Captioned web image data:
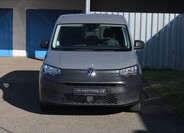 Volkswagen Caddy 2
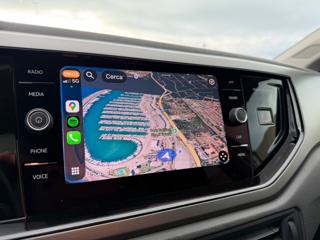 VOLKSWAGEN Polo usata, con Climatizzatore automatico, 2 zone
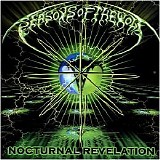 Seasons of the Wolf - Nocturnal Revelation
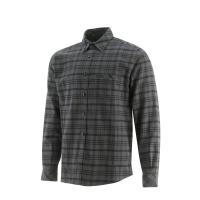 CAT 1610029 - Stretch Flannel Woven Shirt
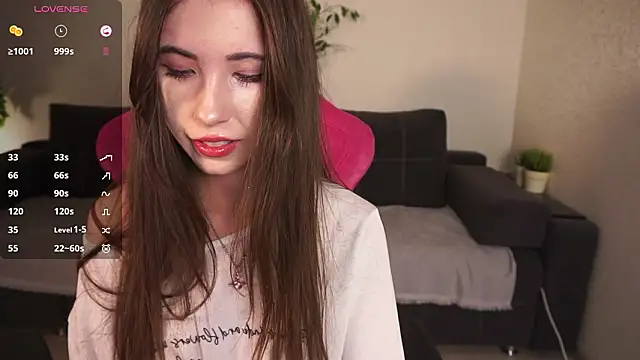 NanceeWestaway online show from March 14, 2026, 7:30 pm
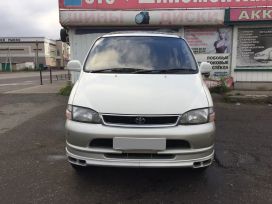    Toyota Granvia 1996 , 425000 , -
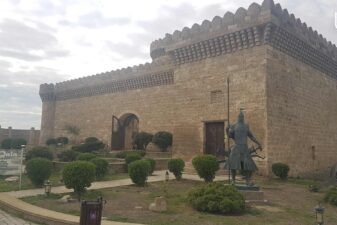 Bakının “Məğlubedilməz yeri”: Qala qəsəbəsi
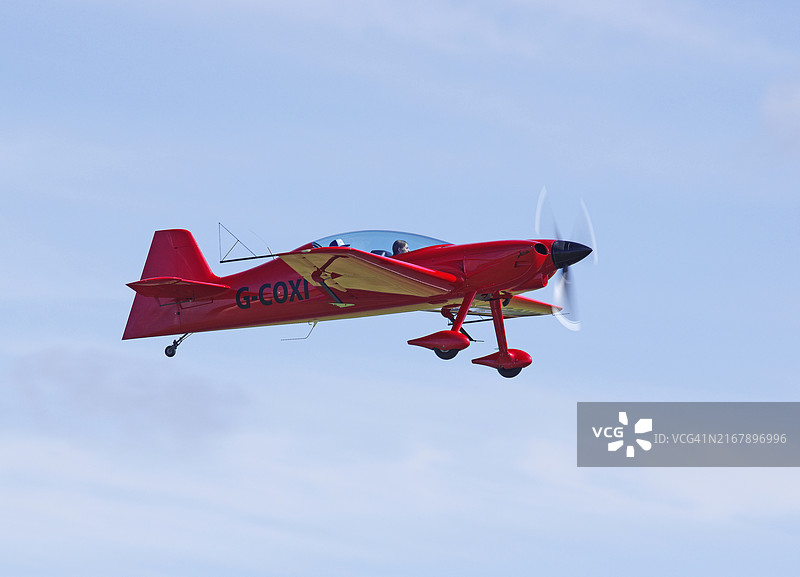 XtremeAir XA-42图片素材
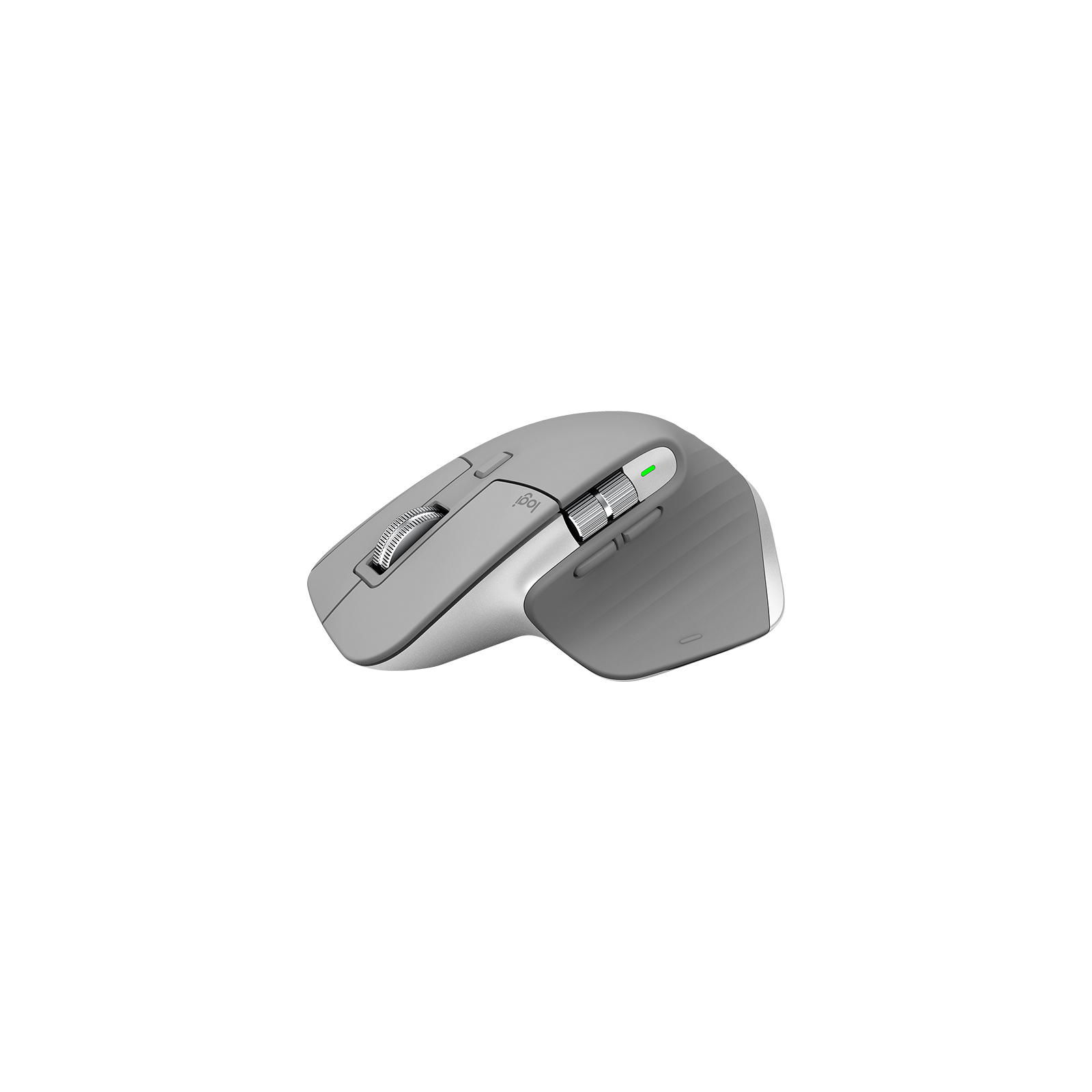 Мышка Logitech MX Master 3 Grey (910-005695)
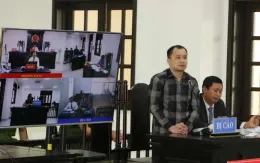 Lừa bán cô gái sang Campuchia, 2 bị cáo lĩnh 26 năm tù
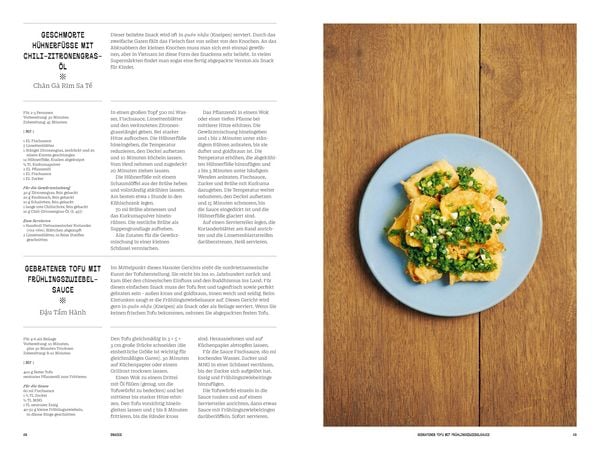 Produktbild: Vietnam &ndash; Das Kochbuch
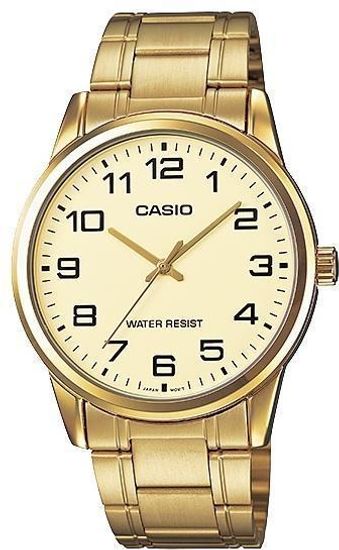 Наручные часы Casio MTP-V001G-9BUDF
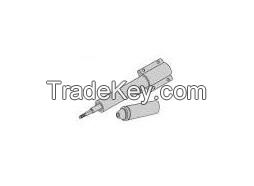 Shock absorber 344098, applicable to Daihatsu models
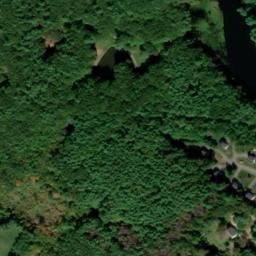 Satellite imagery of ROLLINSFORD ST MARYS CH SPIRE — NGS OC2379, US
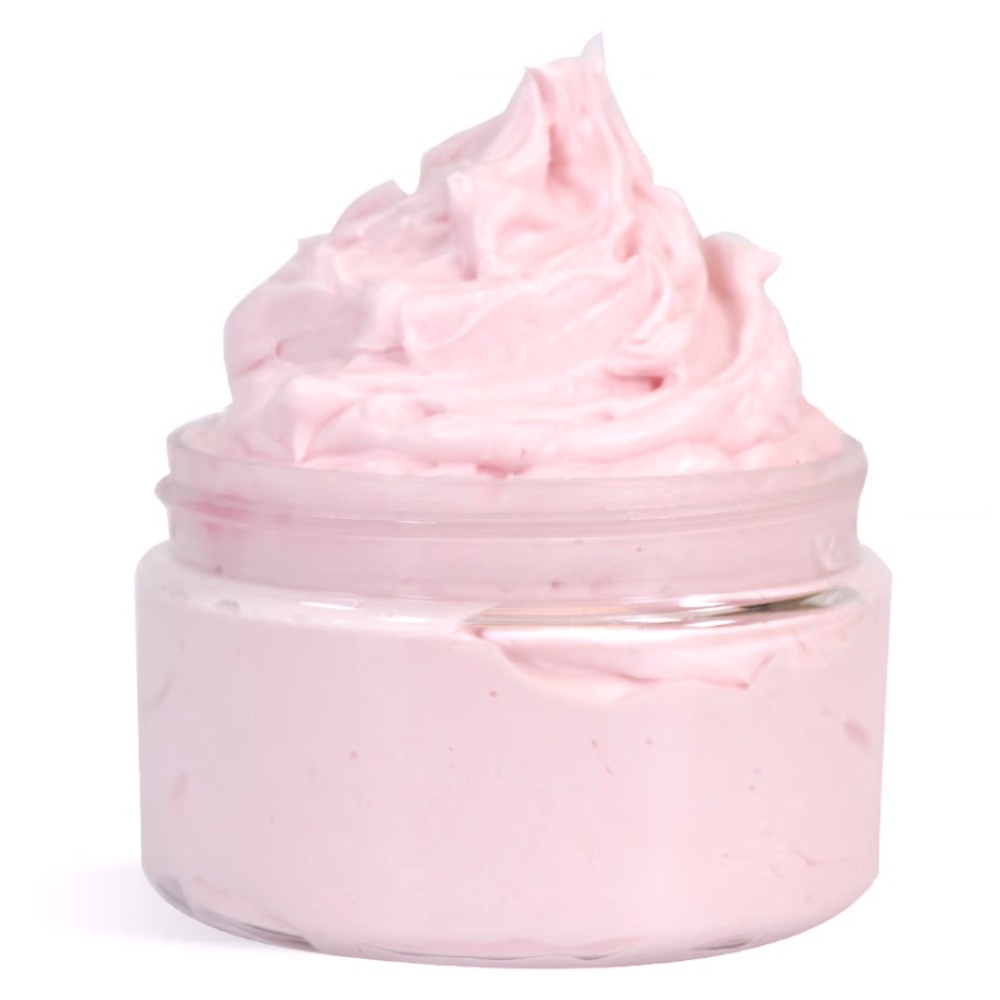 JUICY COUTURE Type Sultry Butter Sample Size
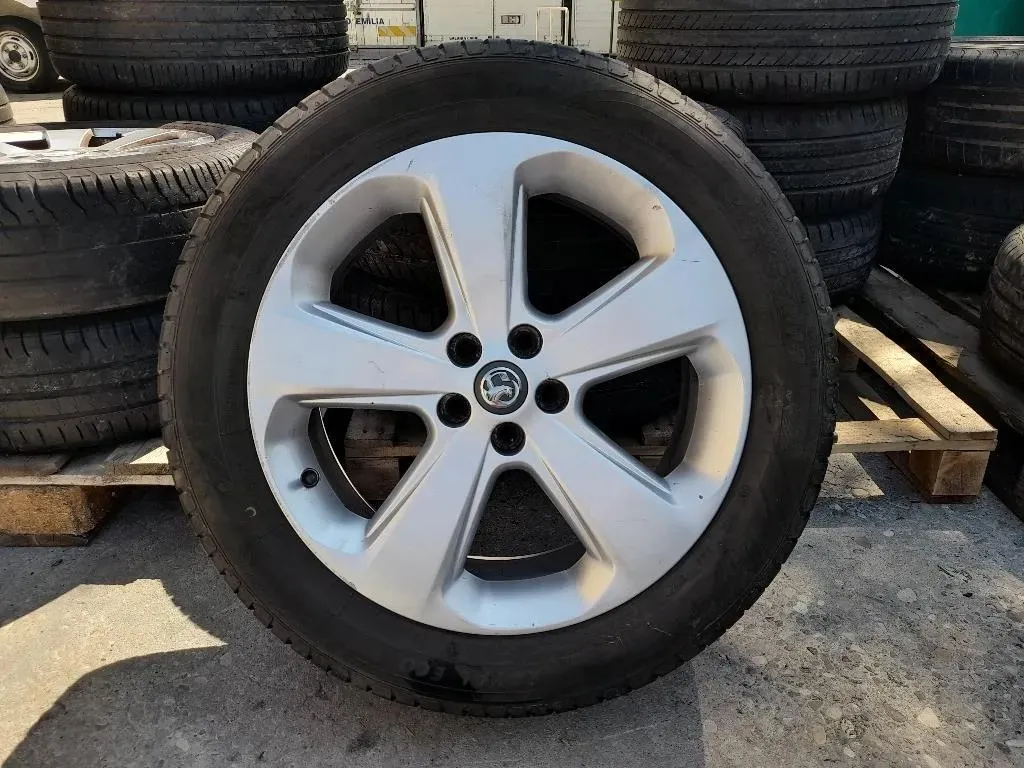 Cerchio Ruota ANT DX 21555 R18 95181597 Opel Mokka 2013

### Aim of the task
Quote exactly, and only, the lines from the one containing "NanceeWestaway online show" through the last line of the records above, both included; leave out any pictures.

### Response box
 NanceeWestaway online show from March 14, 2026, 7:30 pm
    Toyota Granvia 1996 , 425000 , -
 Bakının “Məğlubedilməz yeri”: Qala qəsəbəsi
 XtremeAir XA-42图片素材
 Мышка Logitech MX Master 3 Grey (910-005695)
 Lừa bán cô gái sang Campuchia, 2 bị cáo lĩnh 26 năm tù
 Produktbild: Vietnam &ndash; Das Kochbuch
 Наручные часы Casio MTP-V001G-9BUDF
 Shock absorber 344098, applicable to Daihatsu models
 Satellite imagery of ROLLINSFORD ST MARYS CH SPIRE — NGS OC2379, US
 JUICY COUTURE Type Sultry Butter Sample Size
 Cerchio Ruota ANT DX 21555 R18 95181597 Opel Mokka 2013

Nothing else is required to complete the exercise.